▶ TASK DETAILS: Copy word for word, please, the lines of the entries below running from the one containing "кокаин премиум Бугуруслан" to the one containing "会社をバイアウトするためのステップ（B→I）", both ends included.

--- DATASET RECORDS ---

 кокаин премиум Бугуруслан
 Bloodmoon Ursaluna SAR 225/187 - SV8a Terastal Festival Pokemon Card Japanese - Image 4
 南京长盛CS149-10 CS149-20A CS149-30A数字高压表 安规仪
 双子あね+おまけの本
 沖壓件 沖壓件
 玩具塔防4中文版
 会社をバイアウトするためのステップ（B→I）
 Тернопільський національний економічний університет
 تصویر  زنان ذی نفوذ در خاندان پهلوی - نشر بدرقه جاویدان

---
--- DATASET RECORDS ---

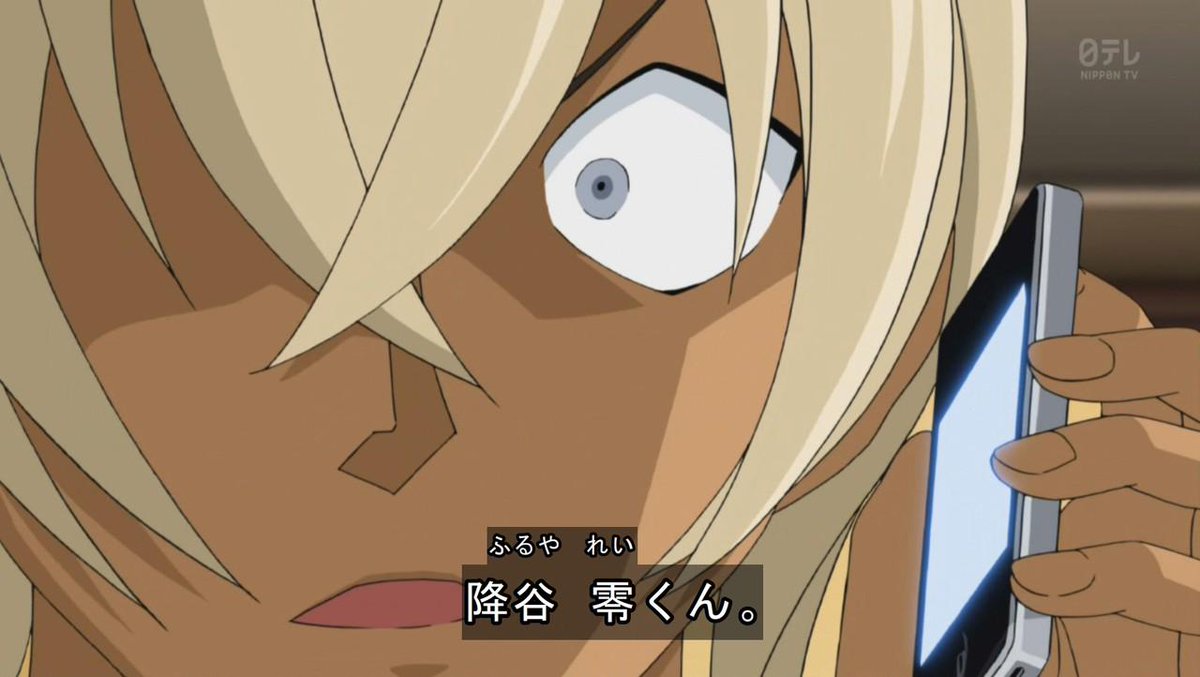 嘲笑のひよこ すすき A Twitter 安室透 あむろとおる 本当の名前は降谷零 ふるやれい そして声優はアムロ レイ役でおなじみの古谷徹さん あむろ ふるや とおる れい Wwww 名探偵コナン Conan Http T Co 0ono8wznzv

---
--- DATASET RECORDS ---

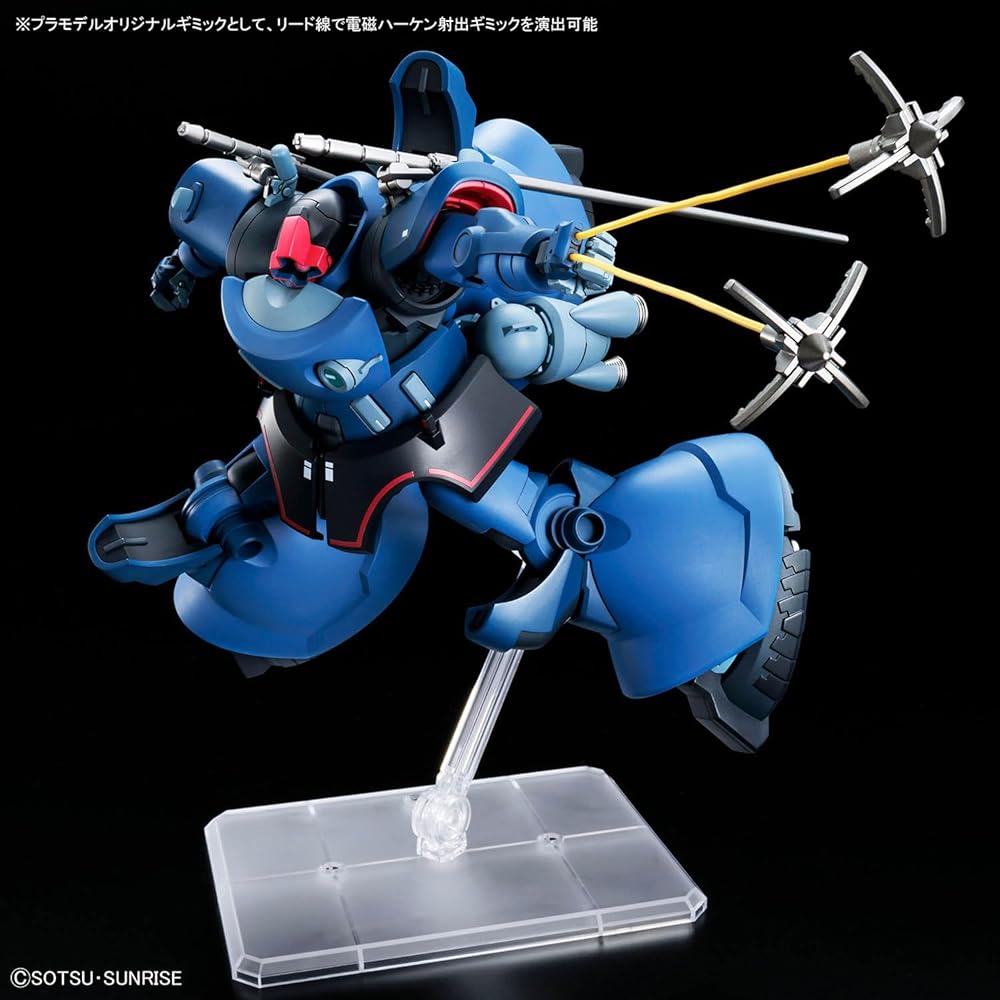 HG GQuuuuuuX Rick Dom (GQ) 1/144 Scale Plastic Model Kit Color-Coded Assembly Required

---

▶ RESULT:
 кокаин премиум Бугуруслан
 Bloodmoon Ursaluna SAR 225/187 - SV8a Terastal Festival Pokemon Card Japanese - Image 4
 南京长盛CS149-10 CS149-20A CS149-30A数字高压表 安规仪
 双子あね+おまけの本
 沖壓件 沖壓件
 玩具塔防4中文版
 会社をバイアウトするためのステップ（B→I）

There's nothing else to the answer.